If you noticed, the meat at Bornga is in its natural colour without any pre-marination causing the colour of the meat to be dark brown or black. Concerned about the appearance of Korean BBQ meats, Chef Paik created a new Korean style of BBQ while keeping the natural colour and taste of meats. The Samgyupsal or Grilled Pork Belly ($18) is chosen for the right proportion of fat and meat. Surprisingly the grilled pork belly tasted as good or even much better in its natural flavour without marination.

Woo Samgyup

Woo Samgyup 4.5/5

The star attraction and probably the reason for repeated customers is the Woo Samgyup or Thinly Sliced Beef with Bornga's Special Sauce ($22). Woo Samgyup is served shortly after being doused in a unique dressing that retains the meat's natural colour while enhancing the traditional bulgogi taste. The beautiful marbled meat was tender and juicy. In exact fact, it tasted better than bulgogi/galbi. I will definitely return for it again.

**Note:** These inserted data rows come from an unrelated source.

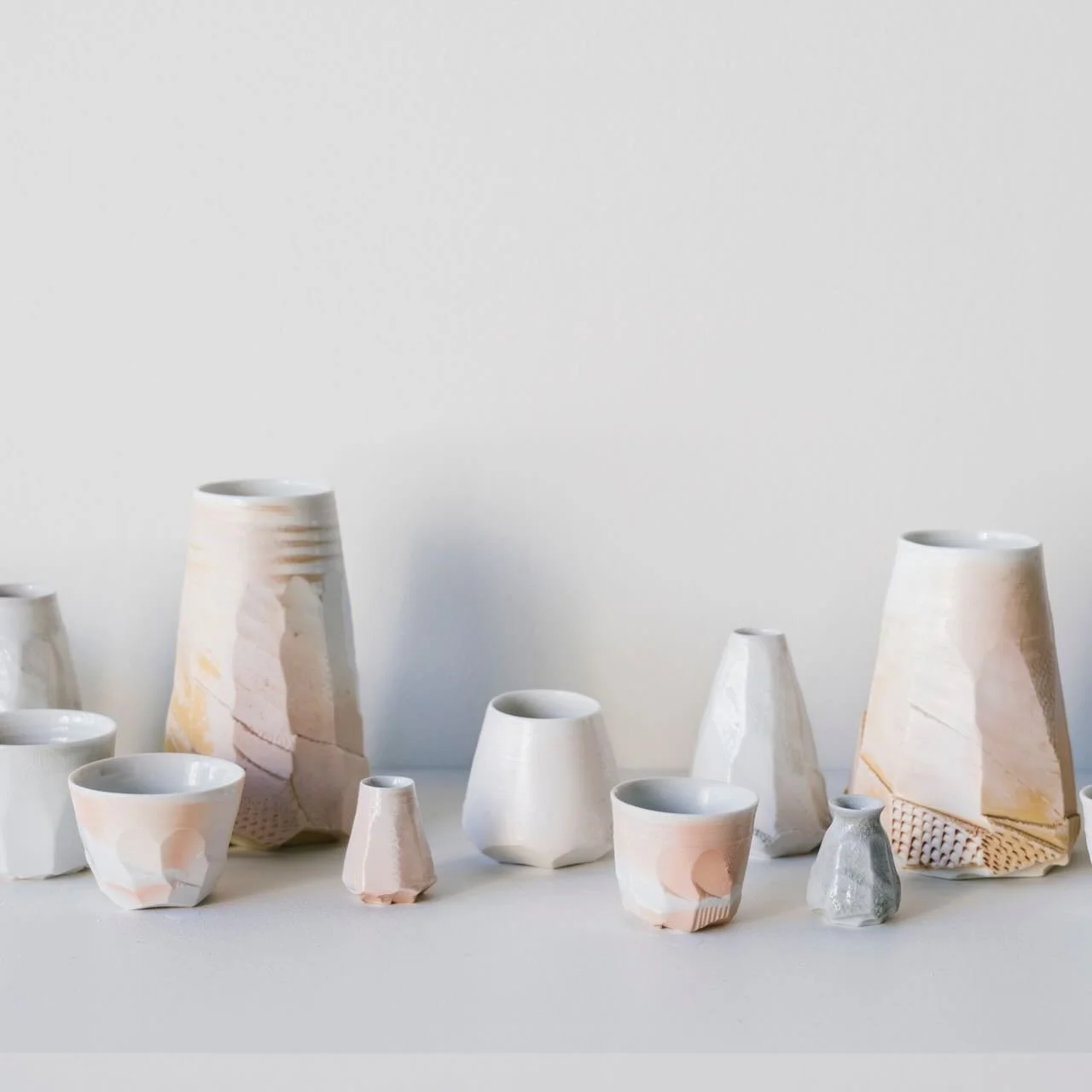 Last days of &lsquo;ODE to Gwyn&rsquo;
It&rsquo;s on until Sept 25th at Artisan @artisanqld 
Curated beautifully by Kylie Johnson @paperboatpress 

📸 by @jennifer.hillhouse 

#australianceramics #porcelainware #woodfiredporcelain #funtionalporcelain
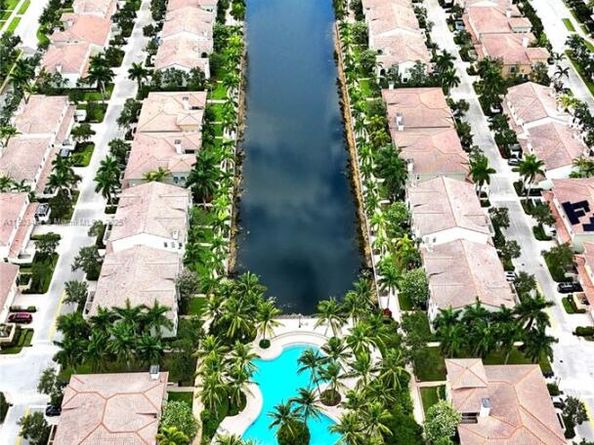 2954 NW 124th Way, Sunrise FL 33323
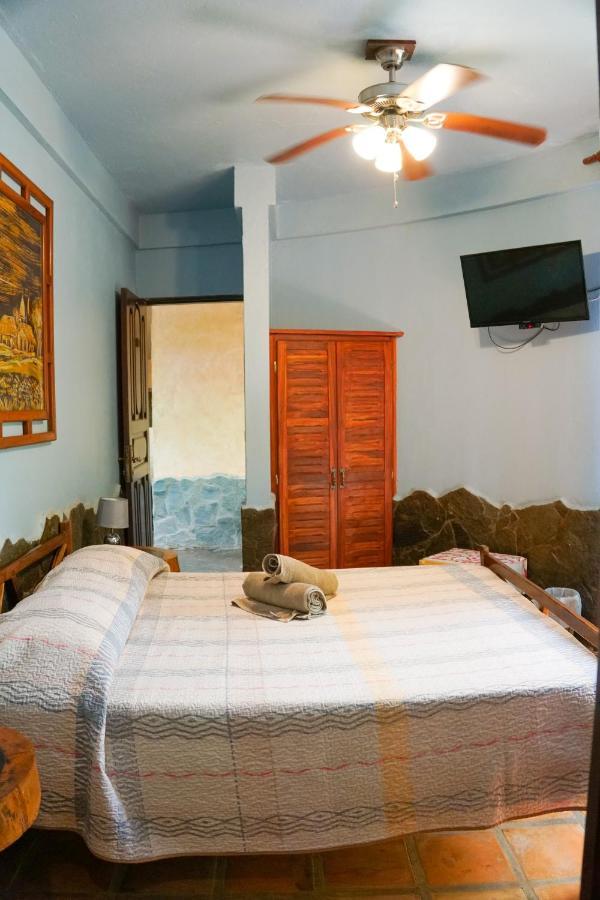 Hotel Boruca Тамариндо Екстериор снимка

3 different types of dipping sauces are served at Bornga. Woo Samgyup sauce, Bean Paste sauce and Sesame Oil with Salt. The darker coloured one is the Woo Samgyup sauce, another of Chef Paik's patented creation.

Chadol Duejang Jjigae

Chadol Duejang Jjigae

Chadol Duejang Jjigae

Chadol Duejang Jjigae 4.2/5

Another signature at Bornga is the Chadol Duejang Jjigae ($16). The Korean beef stew made with rich soybean paste is reduced over a few minutes at table side over a table top stove. The stew is then poured over the rice, mixed and served like a bibimbap. Each mouthful of the rice coated with the beef stew was filled with wonderful flavours partying on the palate.

Jap Chae 3/5

The Jap Chae ($23) which is glass noodles stir fried with pork and vegetables. The silky glass noodles were nicely flavoured by the soy sauce but I felt it was a bit on the oily side.

Naengmyeon 4.2/5

Another favourite of mine in Korean cuisine is Naengmyeon ($15), buckwheat noodles with cold broth. The best method of eating cold noodles is to add some mustard and vinegar to it. The combinations of sour, sweet and spicy was very appetising and refreshing summer dish for the Singapore weather.

Kimchi Jjigae 4.2/5

Kimchi Jjigae ($15) is a hearty and comfort spicy stew with kimchi, pork, tofu and vegetables. Give me a pot of kimchi jjigae and a bowl of rice I will be content.

Haemul Pajeon 3.5/5

The Haemul Pajeon ($22), Korean pancake made with scallions and a variety of seafood. The egg batter, wheat flour and rice flour mixture was not too thick with a slight crisp on the surface. The haemul pajeon itself was a bit bland and it is best enjoyed with the dipping sauce.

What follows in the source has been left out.